((
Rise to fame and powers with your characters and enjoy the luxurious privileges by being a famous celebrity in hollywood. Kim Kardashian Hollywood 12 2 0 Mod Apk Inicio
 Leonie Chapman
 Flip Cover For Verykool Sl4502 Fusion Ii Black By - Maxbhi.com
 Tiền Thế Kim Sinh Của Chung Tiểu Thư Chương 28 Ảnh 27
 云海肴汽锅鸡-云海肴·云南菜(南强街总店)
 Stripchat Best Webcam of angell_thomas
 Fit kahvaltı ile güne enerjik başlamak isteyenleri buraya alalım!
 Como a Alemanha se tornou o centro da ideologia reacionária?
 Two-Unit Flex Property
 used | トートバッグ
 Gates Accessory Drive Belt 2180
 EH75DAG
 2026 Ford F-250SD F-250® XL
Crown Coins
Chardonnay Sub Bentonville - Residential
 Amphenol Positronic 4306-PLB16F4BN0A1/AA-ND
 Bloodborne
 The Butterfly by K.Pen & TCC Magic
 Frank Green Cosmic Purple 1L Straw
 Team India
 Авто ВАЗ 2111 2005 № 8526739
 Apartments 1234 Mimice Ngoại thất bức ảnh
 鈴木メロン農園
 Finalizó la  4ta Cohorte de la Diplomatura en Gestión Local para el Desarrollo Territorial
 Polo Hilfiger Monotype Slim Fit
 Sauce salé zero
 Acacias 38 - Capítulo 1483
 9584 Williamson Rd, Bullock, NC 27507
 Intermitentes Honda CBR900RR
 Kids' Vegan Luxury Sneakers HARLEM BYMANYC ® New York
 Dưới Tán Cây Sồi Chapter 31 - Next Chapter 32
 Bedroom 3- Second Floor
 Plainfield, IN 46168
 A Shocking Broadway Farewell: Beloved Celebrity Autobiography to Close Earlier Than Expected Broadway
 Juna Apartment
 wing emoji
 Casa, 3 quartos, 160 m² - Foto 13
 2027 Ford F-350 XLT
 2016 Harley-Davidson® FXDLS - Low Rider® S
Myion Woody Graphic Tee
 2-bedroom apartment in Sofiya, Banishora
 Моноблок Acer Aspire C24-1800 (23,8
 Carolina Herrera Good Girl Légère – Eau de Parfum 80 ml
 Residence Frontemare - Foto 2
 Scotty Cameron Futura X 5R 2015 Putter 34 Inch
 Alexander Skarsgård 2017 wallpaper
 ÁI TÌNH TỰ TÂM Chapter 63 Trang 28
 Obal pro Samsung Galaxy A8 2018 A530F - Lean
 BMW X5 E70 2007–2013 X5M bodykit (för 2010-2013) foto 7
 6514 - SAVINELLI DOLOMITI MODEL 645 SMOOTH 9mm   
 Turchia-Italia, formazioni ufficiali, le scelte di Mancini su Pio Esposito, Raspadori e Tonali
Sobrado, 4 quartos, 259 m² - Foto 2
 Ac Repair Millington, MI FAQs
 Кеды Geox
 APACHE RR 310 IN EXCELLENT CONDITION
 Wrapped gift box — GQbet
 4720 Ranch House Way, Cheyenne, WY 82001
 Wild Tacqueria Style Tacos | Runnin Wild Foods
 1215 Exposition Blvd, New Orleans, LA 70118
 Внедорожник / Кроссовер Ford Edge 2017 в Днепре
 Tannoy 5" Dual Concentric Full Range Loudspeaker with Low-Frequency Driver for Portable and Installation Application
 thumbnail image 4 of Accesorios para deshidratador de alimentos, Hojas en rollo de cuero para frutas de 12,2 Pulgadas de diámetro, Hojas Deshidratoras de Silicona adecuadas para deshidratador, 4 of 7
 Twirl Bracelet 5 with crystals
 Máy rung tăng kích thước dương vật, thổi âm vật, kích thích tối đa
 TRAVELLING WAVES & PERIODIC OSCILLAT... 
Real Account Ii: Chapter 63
))
The lines above need to be restated word for word, all of them.

Rise to fame and powers with your characters and enjoy the luxurious privileges by being a famous celebrity in hollywood. Kim Kardashian Hollywood 12 2 0 Mod Apk Inicio
 Leonie Chapman
 Flip Cover For Verykool Sl4502 Fusion Ii Black By - Maxbhi.com
 Tiền Thế Kim Sinh Của Chung Tiểu Thư Chương 28 Ảnh 27
 云海肴汽锅鸡-云海肴·云南菜(南强街总店)
 Stripchat Best Webcam of angell_thomas
 Fit kahvaltı ile güne enerjik başlamak isteyenleri buraya alalım!
 Como a Alemanha se tornou o centro da ideologia reacionária?
 Two-Unit Flex Property
 used | トートバッグ
 Gates Accessory Drive Belt 2180
 EH75DAG
 2026 Ford F-250SD F-250® XL
Crown Coins
Chardonnay Sub Bentonville - Residential
 Amphenol Positronic 4306-PLB16F4BN0A1/AA-ND
 Bloodborne
 The Butterfly by K.Pen & TCC Magic
 Frank Green Cosmic Purple 1L Straw
 Team India
 Авто ВАЗ 2111 2005 № 8526739
 Apartments 1234 Mimice Ngoại thất bức ảnh
 鈴木メロン農園
 Finalizó la  4ta Cohorte de la Diplomatura en Gestión Local para el Desarrollo Territorial
 Polo Hilfiger Monotype Slim Fit
 Sauce salé zero
 Acacias 38 - Capítulo 1483
 9584 Williamson Rd, Bullock, NC 27507
 Intermitentes Honda CBR900RR
 Kids' Vegan Luxury Sneakers HARLEM BYMANYC ® New York
 Dưới Tán Cây Sồi Chapter 31 - Next Chapter 32
 Bedroom 3- Second Floor
 Plainfield, IN 46168
 A Shocking Broadway Farewell: Beloved Celebrity Autobiography to Close Earlier Than Expected Broadway
 Juna Apartment
 wing emoji
 Casa, 3 quartos, 160 m² - Foto 13
 2027 Ford F-350 XLT
 2016 Harley-Davidson® FXDLS - Low Rider® S
Myion Woody Graphic Tee
 2-bedroom apartment in Sofiya, Banishora
 Моноблок Acer Aspire C24-1800 (23,8
 Carolina Herrera Good Girl Légère – Eau de Parfum 80 ml
 Residence Frontemare - Foto 2
 Scotty Cameron Futura X 5R 2015 Putter 34 Inch
 Alexander Skarsgård 2017 wallpaper
 ÁI TÌNH TỰ TÂM Chapter 63 Trang 28
 Obal pro Samsung Galaxy A8 2018 A530F - Lean
 BMW X5 E70 2007–2013 X5M bodykit (för 2010-2013) foto 7
 6514 - SAVINELLI DOLOMITI MODEL 645 SMOOTH 9mm   
 Turchia-Italia, formazioni ufficiali, le scelte di Mancini su Pio Esposito, Raspadori e Tonali
Sobrado, 4 quartos, 259 m² - Foto 2
 Ac Repair Millington, MI FAQs
 Кеды Geox
 APACHE RR 310 IN EXCELLENT CONDITION
 Wrapped gift box — GQbet
 4720 Ranch House Way, Cheyenne, WY 82001
 Wild Tacqueria Style Tacos | Runnin Wild Foods
 1215 Exposition Blvd, New Orleans, LA 70118
 Внедорожник / Кроссовер Ford Edge 2017 в Днепре
 Tannoy 5" Dual Concentric Full Range Loudspeaker with Low-Frequency Driver for Portable and Installation Application
 thumbnail image 4 of Accesorios para deshidratador de alimentos, Hojas en rollo de cuero para frutas de 12,2 Pulgadas de diámetro, Hojas Deshidratoras de Silicona adecuadas para deshidratador, 4 of 7
 Twirl Bracelet 5 with crystals
 Máy rung tăng kích thước dương vật, thổi âm vật, kích thích tối đa
 TRAVELLING WAVES & PERIODIC OSCILLAT... 
Real Account Ii: Chapter 63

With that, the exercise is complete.